More ~~better~~ specifically, I optimized 3 key aspects of how my website assets are compressed:

Utilized a better gzip compressor known as Zopfli.
Added Brotli, an even more efficient compression algorithm than gzip.
Compressed all assets before the web server ever sees them, meaning less work for it to do.

To be clear, I was already using compression via Caddy's encode gzip zstd option, but that requires all compression to be done on the fly (and thus repeated for every duplicate request), doesn't support Brotli, and uses a sub-par gzip compression algorithm (when compared to Zopfli).

In summary, I'm increasing existing compression, utilizing more advanced compression, and pre-compressing all of my pertinent text-related assets of this website (things like HTML, CSS, and even SVG images, if I had any...).

Great, so how did you do this?§

It all kind of started when I got a little frustrated with my web server, Caddy.

Now to be clear, Caddy is an excellent web server. I just wanted to replicate an existing setup I had on my old nginx server where I pre-compressed a number of assets before uploading them.

I'd looked at doing this a few times over the past year, but ran into a few roadblocks along the way, including:

Older versions of Caddy (v1) made this easy, but this feature was removed in a large rewrite for v2, which is what I use.
It was theoretically possible using their new configuration syntax, but no one had fully put the puzzel pieces together yet.
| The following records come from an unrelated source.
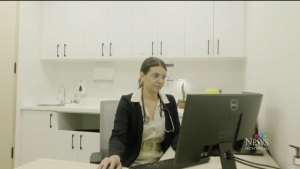 Private clinic in Montreal trying to alleviate pressure on hospital emergency rooms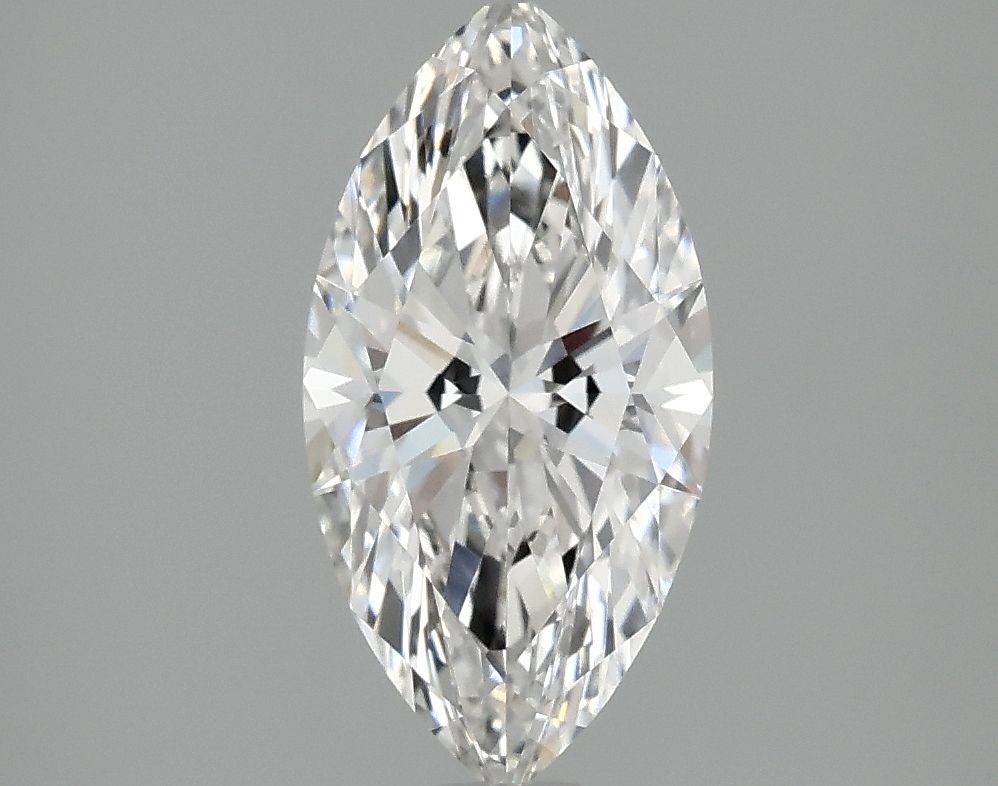 1.59 ct. marquise Lab Grown Diamond front image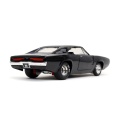 JADA SZYBCY I WŚCIEKLI SAMOCHÓD DODGE CHARGER 1327 1:24 3203068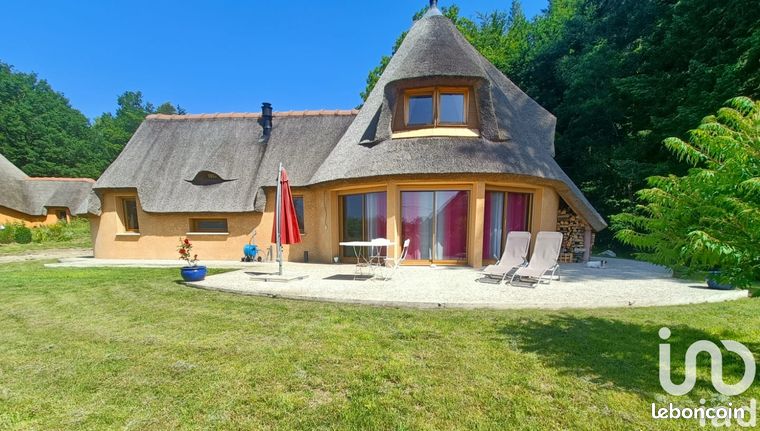Maison 4 pièces 110 m²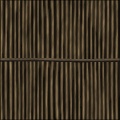 Rattan wall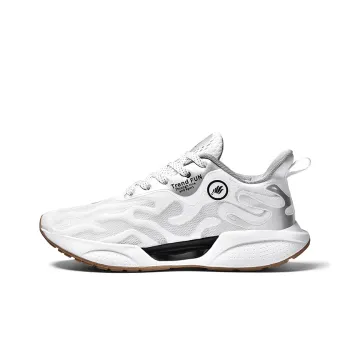 Ncmt Slip Resistant, Abrasion Resistant, Breathable, Supportive Low Top Running Shoes Unisex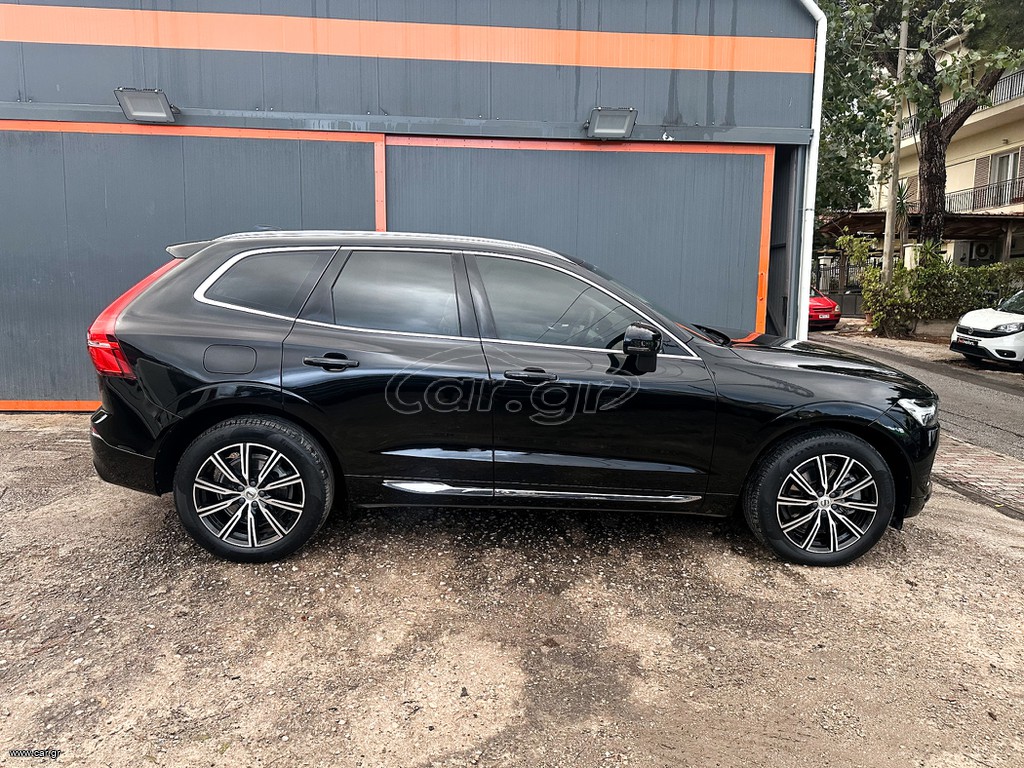 Volvo XC 60 thumbnail 8
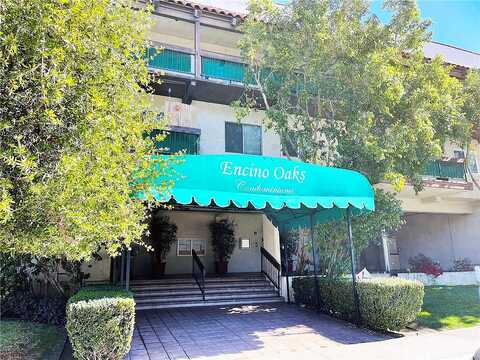 White Oak, ENCINO, CA 91316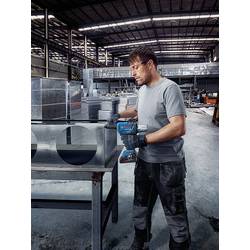 Bosch Professional GRG 18V-16 C solo, 0.601.9K5.000 akumulátorová hřebíkovačka, bezkartáčové, bez akumulátoru, bez nabíječky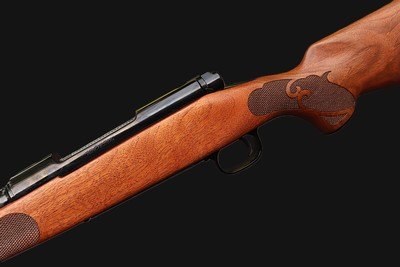 Winchester Model 70 Featherweight .25-06 Rem - 535200225 - Image 10 of 15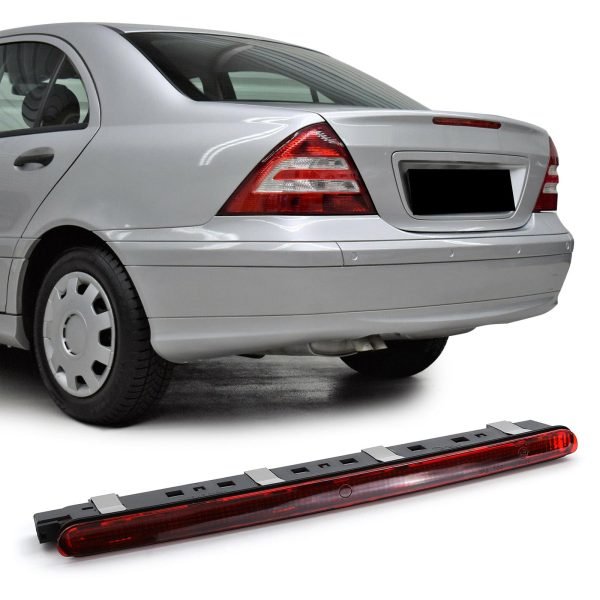 LED 3. brake light for MERCEDES C-CLASS W203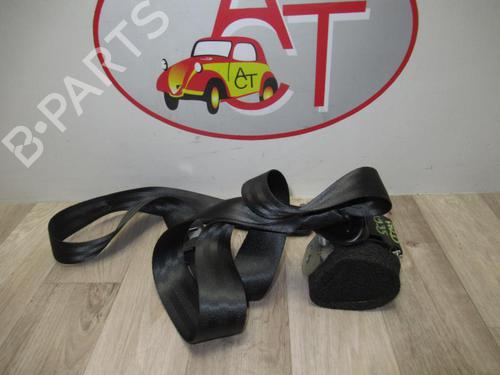 Used Rear right seatbelt FIAT 500 (312_) 1.2 (312AXA1A) (69 hp) 23186394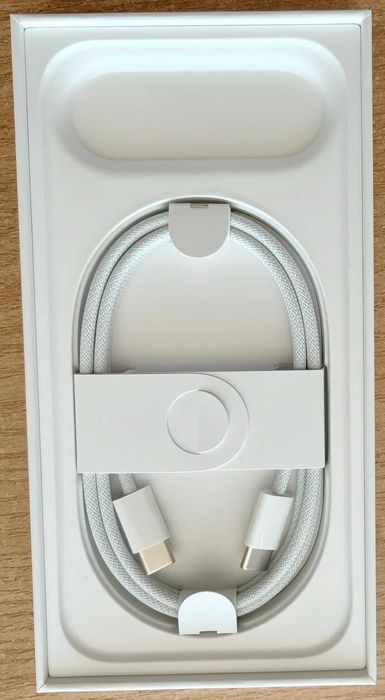 Смартфон Apple iPhone Air Sky Blue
Luckily, if you wait long enough, someone else figures out how to get something done on the internet. Actually, several someones.

After doing another web search on handling pre-compressed assets with Caddy, I noticed some forum posts from the past year, and eventually stumbled on this excellent blog post.

See the bottom of that blog post for links to the pertinent forum posts.

By solving the "serving pre-compressed assets" problem, getting better gzip compression with Zopfli and adding Brotli to the mix was the easy part.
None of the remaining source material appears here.